Watch out! Texas Disciplinary Rules of Professional Conduct 4.08 (or 4.04, I don't have them in front of me at the moment) provides that a person can't use the threat of criminal charges as leverage in a civil matter. The same issue comes up in asset forfeiture cases, even though those may be considered quasi-criminal. Many prosecutors shy away from trying to offer a package deal because of this rule, or at least the perception that the prosecutor is using criminal charges to get a person to waive important civil rights.
Of course, the other side of that coin is that a prosecutor should feel free to include something in a plea agreement that is warranted by the facts of the criminal case. Otherwise, the defendant could shield himself from a particular consequence just by claiming that we were seeking leverage in the civil suit.

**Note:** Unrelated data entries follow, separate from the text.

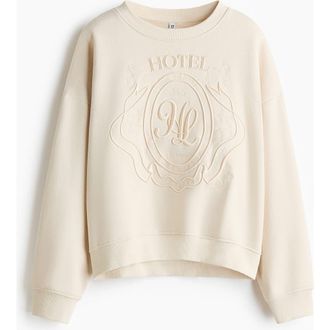 H&M Motif-detail Sweatshirt in Light Beige/h&ocirc;tel De Luxe at Nordstrom, Size Xx-Large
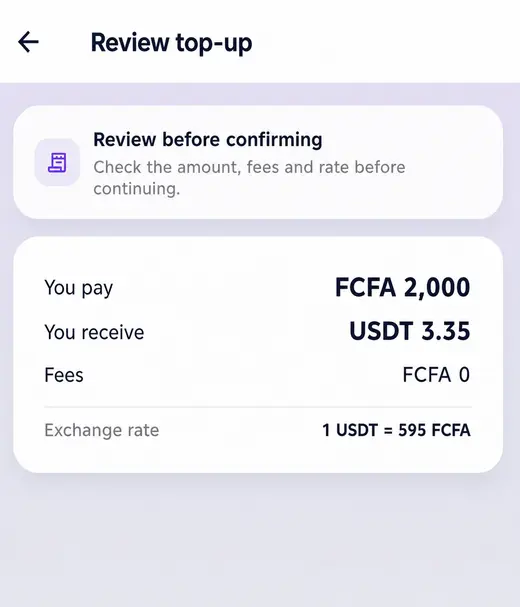 Kora screen showing amount, fees and rate
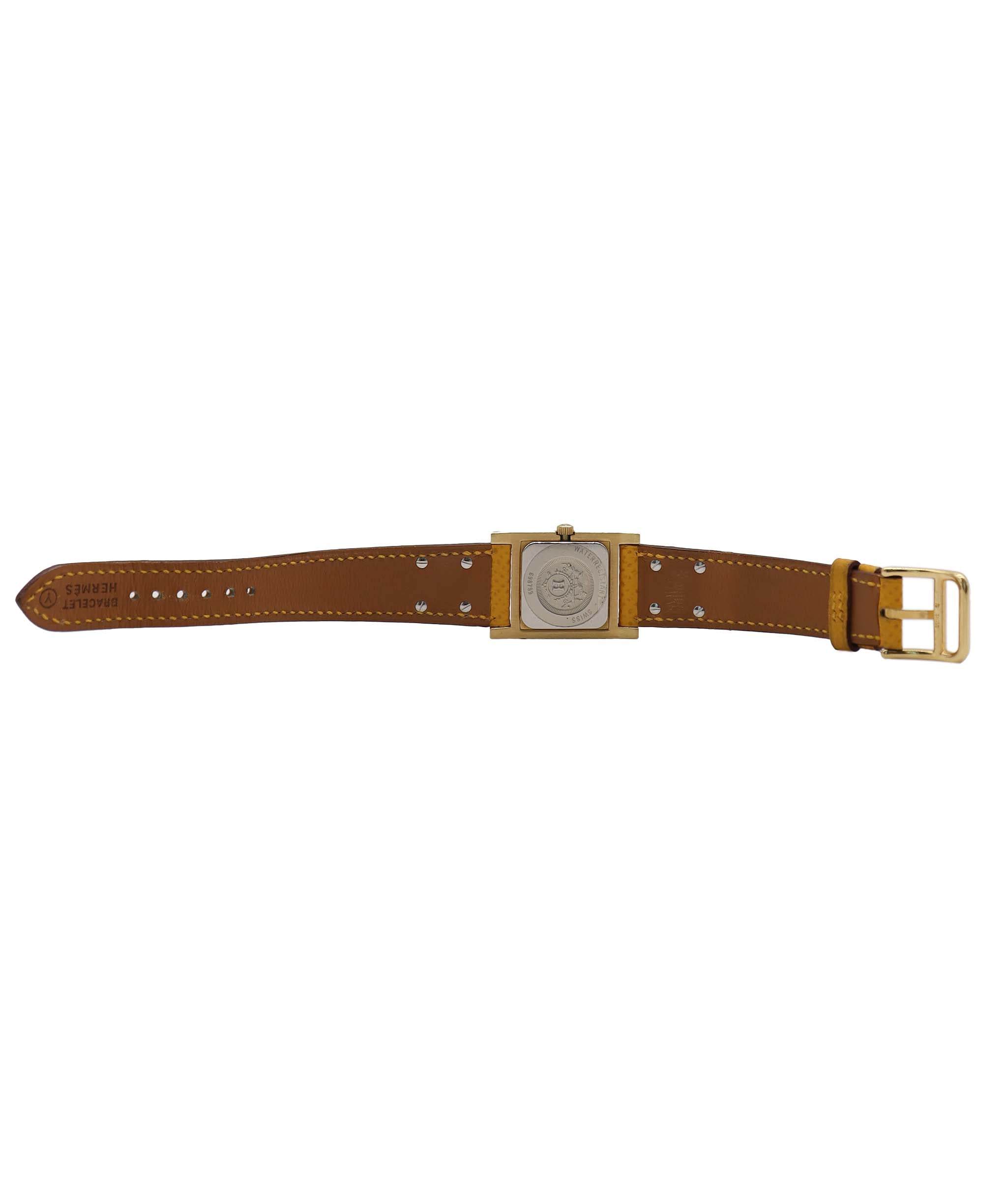 HERMES Medor Vintage Ladies' Watch, Pyramid Gold Studs, White and Yellow Leather, Quartz Watch, 90321255 DXBS6387
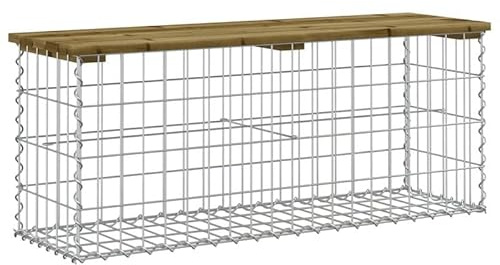 Eleganz Panca da giardino in gabbioni con legno di pino impregnato in autoclave, 103 x 31,5 x 42 cm, durevole e resistente alle intemperie, per giardino, terrazza o balcone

For example, if two parents of children are charged with horrible injury to a child of theirs, would we not include termination of custody as a condition of any plea agreement, regardless whether there was a CPS case? In making the agreement, I would not be seeking leverage in the civil case, I would be seeking justice in the outcome of the criminal case.
Rob, what do we mean by "leverage"?
Rob, the rule you cite says a lawyer may not "present, participate in presenting, or threaten to present a criminal charge solely to gain an advantage in a civil suit."
It seems like perhaps a pretty fine line to tread, but in my case I'm absolutely not doing it "solely" for that purpose. Fact is, I've already tried one of the felonies to a jury (hung, because of a botched indictment on my part), and will try him again if I have to. If "solely" is determinative, I feel safe from 4.04(b). I am somewhat irked, however, at wondering if I am "safe" from the rules. But that's another discussion topic.
John, the point you made about requiring termination is apt in this case - the mother accepted my plea offer of 10 years probation on her charges and signed a voluntary relenquishment as part of the deal. I'm certain from what I saw of the recent Dallas case that pled out after trial had begun, that termination was part of that deal.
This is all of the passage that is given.